La Biblia nos habla mucho de la eternidad o de las cosas eternas. La eternidad es una de las grandes promesas que tiene la iglesia de Cristo, el saber que aunque este cuerpo corruptible muera, podamos resucitar un día y vivir para siempre en las moradas del Señor. Esto lo hemos creído durante tantos años de cristianismo, pero no es solo creer en la eternidad, es vivir para la eternidad. ¿Qué hacemos para vivir dignos como personas que un día estarán con el Señor por todos los siglos?
En primer lugar, la vida eterna no es algo que comienza en el cielo, es algo que comienza desde el momento que Cristo entra a nuestros corazones. Desde el instante en que reconocemos a Jesús como Señor y Salvador, pasamos de muerte a vida. El creyente no espera únicamente la eternidad como algo futuro, sino que ya la posee en Cristo Jesús. Esto nos debe llevar a vivir con un propósito diferente al del mundo, a enfocar nuestras decisiones y nuestras prioridades en lo que trasciende.
Y yo les doy vida eterna; y no perecerán jamás, ni nadie las arrebatará de mi mano.
Juan 10:28
Jesús dice: «Y yo les doy vida eterna». Observa que no promete darla en un futuro incierto, sino que ya la ha otorgado. Cristo nos ha dado vida eterna, a todos aquellos que le hemos confesado como nuestro Señor y Rey, y debemos vivir dignos como personas que realmente poseen ese regalo celestial. Esta verdad debe motivarnos a caminar en santidad, a vivir con gratitud y a comprender que nuestro destino final no está en este mundo, sino en la gloria eterna con el Señor.

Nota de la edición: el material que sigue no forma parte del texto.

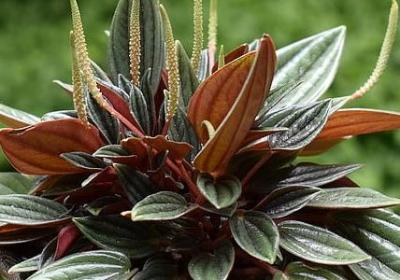 描写秋天的句子短句子(通用45句)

A veces nos acomodamos tanto a lo material, al entretenimiento, a la tecnología y a las distracciones de esta vida, que olvidamos que poseemos la vida eterna. Olvidamos que cada día debe ser vivido con un sentido de propósito eterno. Vivir con la mirada en lo eterno significa invertir tiempo en aquello que tiene valor en la presencia de Dios: la oración, la lectura de la Palabra, la comunión con los hermanos, la santificación personal y la proclamación del evangelio. Estas son las disciplinas que nos ayudan a vivir conscientes de la eternidad que ya nos ha sido otorgada.
La eternidad nos recuerda que lo pasajero de este mundo no debe ser nuestro mayor tesoro. Las riquezas, la fama, los logros materiales son temporales, pero lo que hacemos para Dios permanece para siempre. Jesús mismo dijo: «No os hagáis tesoros en la tierra, donde la polilla y el orín corrompen, y donde ladrones minan y hurtan; sino haceos tesoros en el cielo» (Mateo 6:19-20). Esta exhortación nos llama a pensar en qué estamos invirtiendo nuestro tiempo, nuestras fuerzas y nuestros recursos. ¿Vivimos solo para lo pasajero o estamos sembrando para lo eterno?
Además, vivir con la eternidad en mente nos ayuda a soportar las pruebas. El apóstol Pablo decía que «esta leve tribulación momentánea produce en nosotros un cada vez más excelente y eterno peso de gloria» (2 Corintios 4:17). Es decir, todo dolor, toda aflicción y toda lágrima que enfrentamos en esta tierra no se compara con la gloria que nos espera. La esperanza de la vida eterna nos sostiene, nos da fuerzas para perseverar y nos recuerda que nuestro sufrimiento tiene un final glorioso en Cristo.
También debemos recordar que la vida eterna es un llamado a la santidad. El apóstol Pedro nos insta a vivir en santidad porque somos peregrinos en esta tierra y nuestra verdadera patria está en los cielos. Vivir para la eternidad implica dejar a un lado el pecado, apartarnos de lo que contamina y consagrarnos cada día más al Señor. La vida eterna no solo se trata de una recompensa futura, sino de una transformación presente que se refleja en nuestra manera de vivir.
Querido hermano, no olvides que ya posees vida eterna en Cristo Jesús. No es algo lejano o inalcanzable, es una realidad que debe impactar cada área de tu vida. Vive cada día como alguien que ya es ciudadano del cielo, como alguien que pertenece a un reino eterno e inconmovible. Predica el evangelio, dedica tiempo a Dios, busca la santificación, y cuando llegue el día final podrás escuchar las palabras más gloriosas: «Bien, buen siervo y fiel… entra en el gozo de tu Señor».